Его прозвали «бульварным Тальма»,[13] и это выражение сохраняет свой двойной смысл — и хвалебный и критический, ибо, несмотря на свою условность, хорошо передает и сильные и слабые стороны Леметрова таланта. Все созданные Фредериком образы навеки сохранят его печать. Дон Сезар де Базан, гордо носящий свои лохмотья, Робер Макер[14] — самый дерзкий негодяй во всем современном театре, Жорж из «Жизни игрока»,[15] Ричард Дарлингтон,[16] Трагалдабас[17] — вот великие создания этого артиста. К списку его триумфов можно было бы присовокупить «Генриха III»,[18] «Маршала д'Анкр», «Даму из Сен-Тропеза»,[19] «Пебло» и еще сотню драм, более или менее литературных, все это драматургия посредственная, драматургия неровная, которой артист придал известную ценность только благодаря своему таланту, но которая обречена была кануть в небытие раньше его самого.
ВИКТОР ГЮГО
Париж любит выставлять свои возвышенные чувства напоказ, но порой он становится женственным, чутким — в тех случаях, когда он хочет почтить тех, кого любит. В тот вечер, когда отмечалось пятидесятилетие «Эрнани», весь зал был озарен улыбчивой радостью; какое-то умиленное волнение царило в воздухе, и от этого ярче мерцали бриллианты, трепетней переливались женские украшения. С какой восторженной готовностью рукоплескали зрители, как сияли их лица, словно говоря: «Мы приветствуем не только поэта, но и человека!» А когда Сара Бернар своим мелодичным, чарующим голосом стала читать прекрасные стихи Франсуа Коппе, даже самые закоренелые скептики могли бы прослезиться, словно на чьей-нибудь золотой свадьбе, когда представители десяти поколений с умиленной торжественностью шествуют за прабабкой, еще хранящей юный румянец, и бодрым прадедом, который гордо носит свой старомодный фрак. Около ста лет, прошедших после представления «Ирины»,[20] на котором Париж вновь увидел и увенчал лаврами Вольтера, Французский театр не был в таком праздничном настроении. Но на этот раз наш Вольтер в добром здравии, его легкие расширяются, вдыхая воздух, насыщенный восторгами публики. Вместо юго чтобы воскликнуть: «Ах, друзья мои, вы меня просто убиваете!..»- он мог бы вполне искренне сказать: «Спасибо, друзья! Я оживаю от столь сладостного триумфа».

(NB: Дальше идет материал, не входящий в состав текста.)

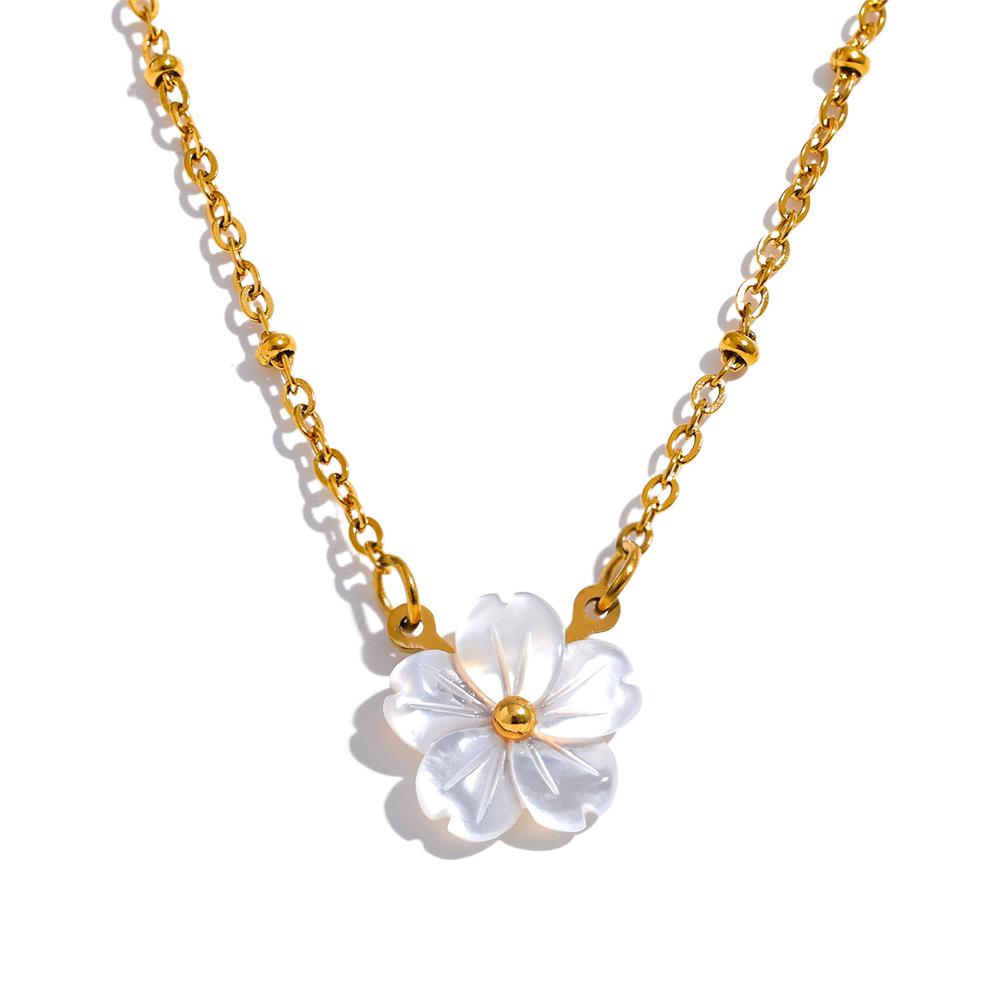 

Yhpup Chic Fashion Natural Shell Flower Pendant Necklace Gift Stainless Steel Exquisite Chain Gold Color Premium Jewelry Bijoux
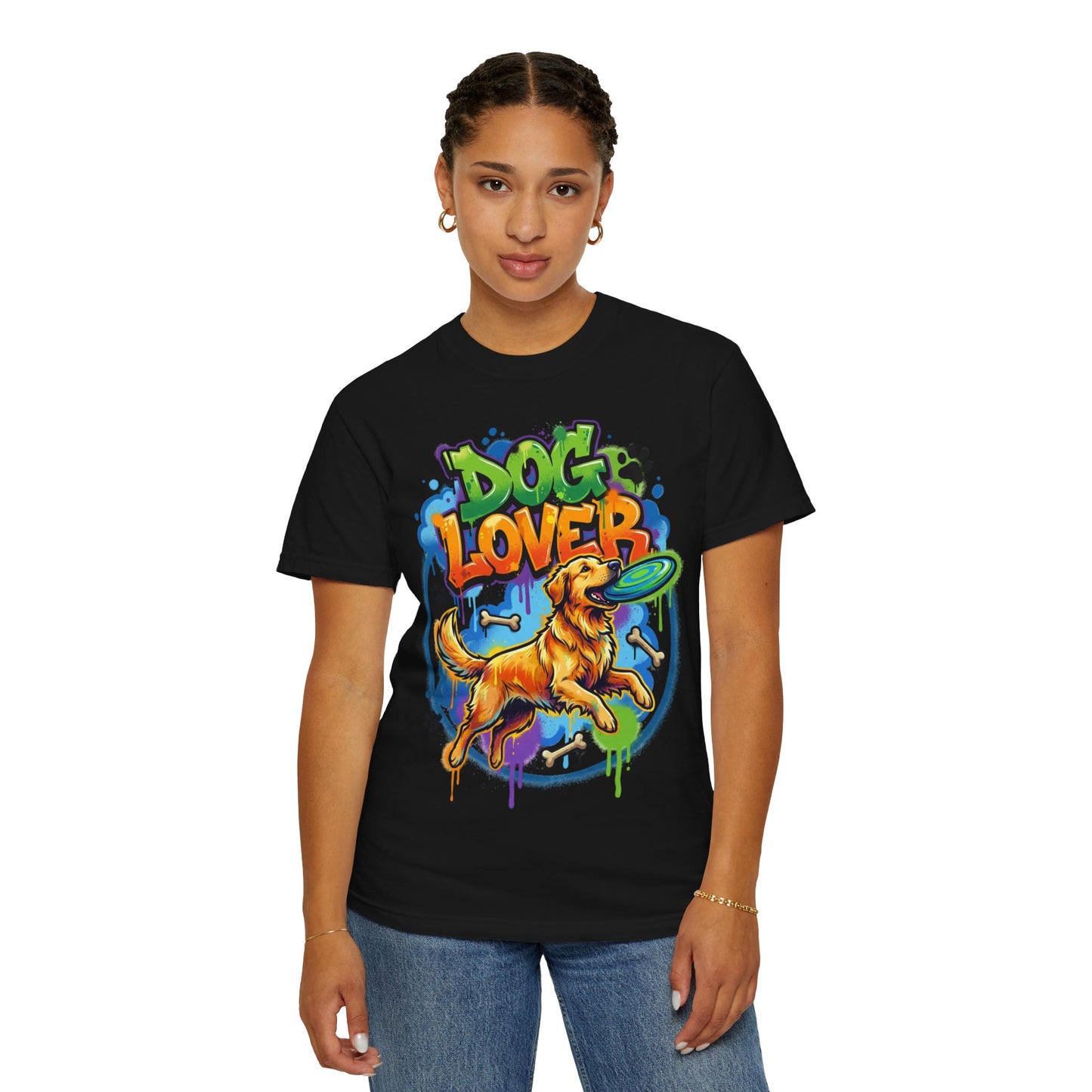 Dog Lover T-Shirt — Colorful Golden Retriever Frisbee Graphic Tee
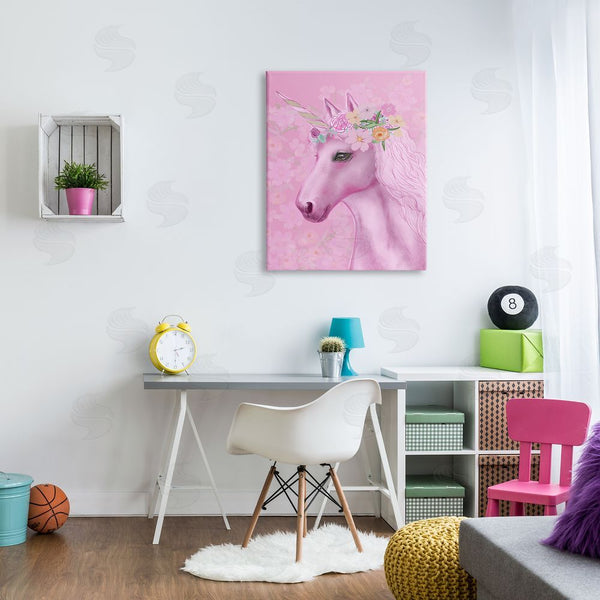 Stupell Industries JunCo. Studio | Floral Pattern Pink Unicorn Adorable Mythical Creature Wall Art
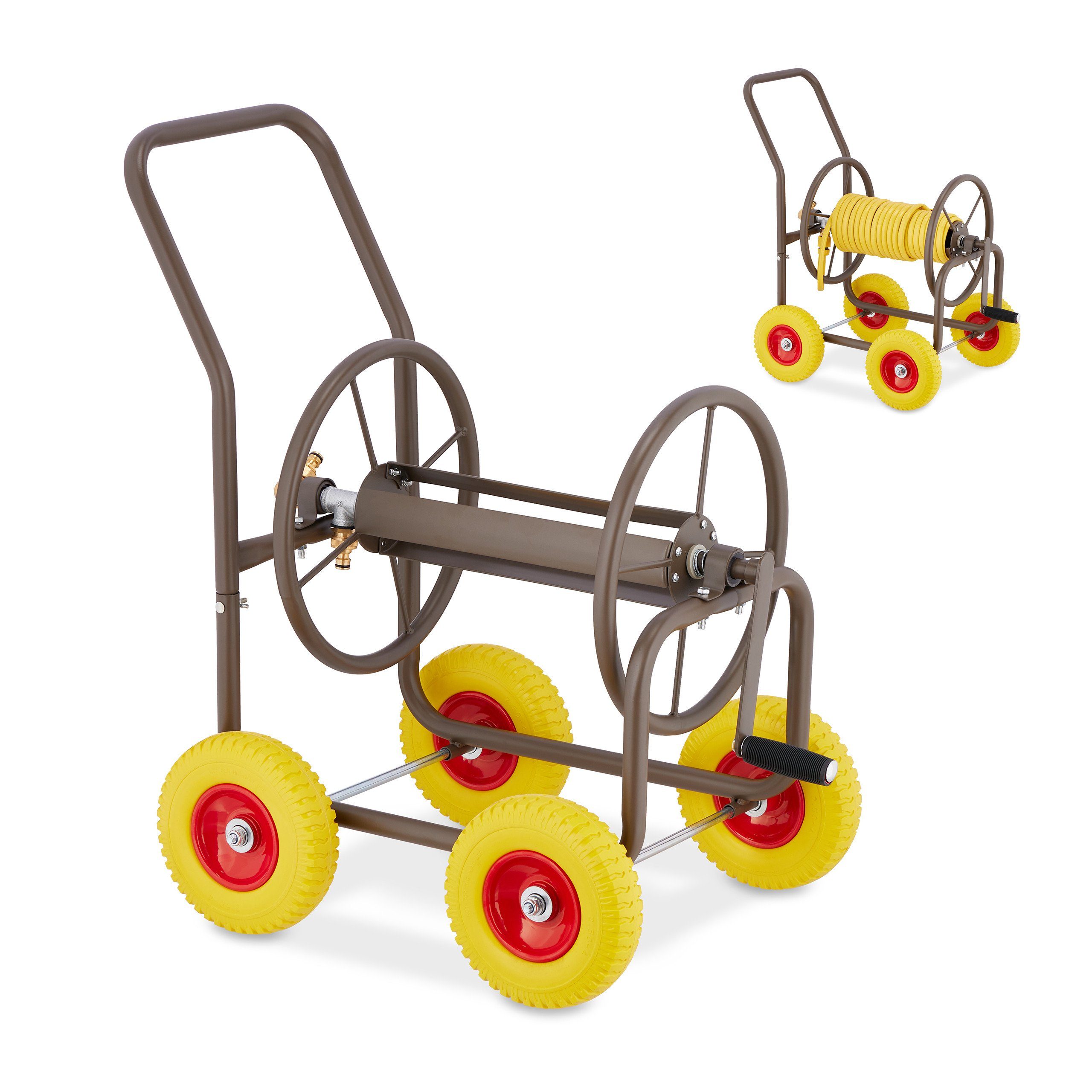 relaxdays Schlauchwagen mit 4 Räd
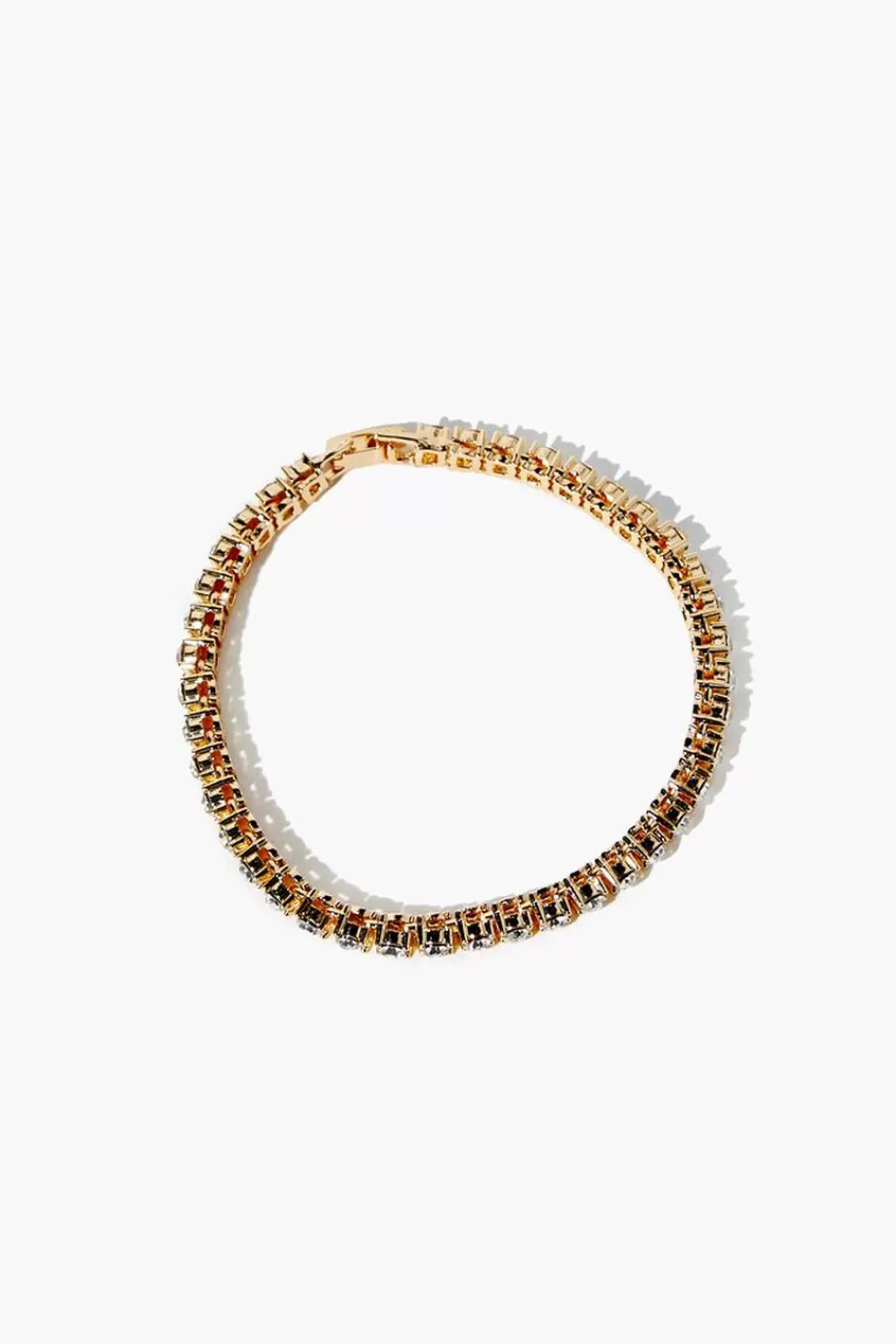 Bracelets>Forever 21 Faux Gem Box Chain Bracelet Gold/Clear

В семьдесят восемь лет Виктор Гюго держится прямее нас всех. Распорядок его жизни отличается необыкновенной точностью: он встает в пять утра, выходит из дому в восемь, кроме уж очень ненастных дней. Подобно Монтеню и г-же де Сталь, он всегда любил жить в большом городе, а после изгнания страсть эта в нем еще усилилась и окрепла. Ему не терпелось увидеть новые кварталы, недавно проделанные просеки — широкие проспекты, на которых беспрестанно гудят рожки омнибусов, Сену, где снуют паровые катеры. Самое большое для него удовольствие — это взобраться с утра на империал омнибуса и ехать через весь Париж, по бульварам, через рабочие кварталы, через районы, где живет беднота, до унылых улиц пригородов у самых укреплений, мимо домишек с садиками, мимо зарослей дикого овса и крапивы.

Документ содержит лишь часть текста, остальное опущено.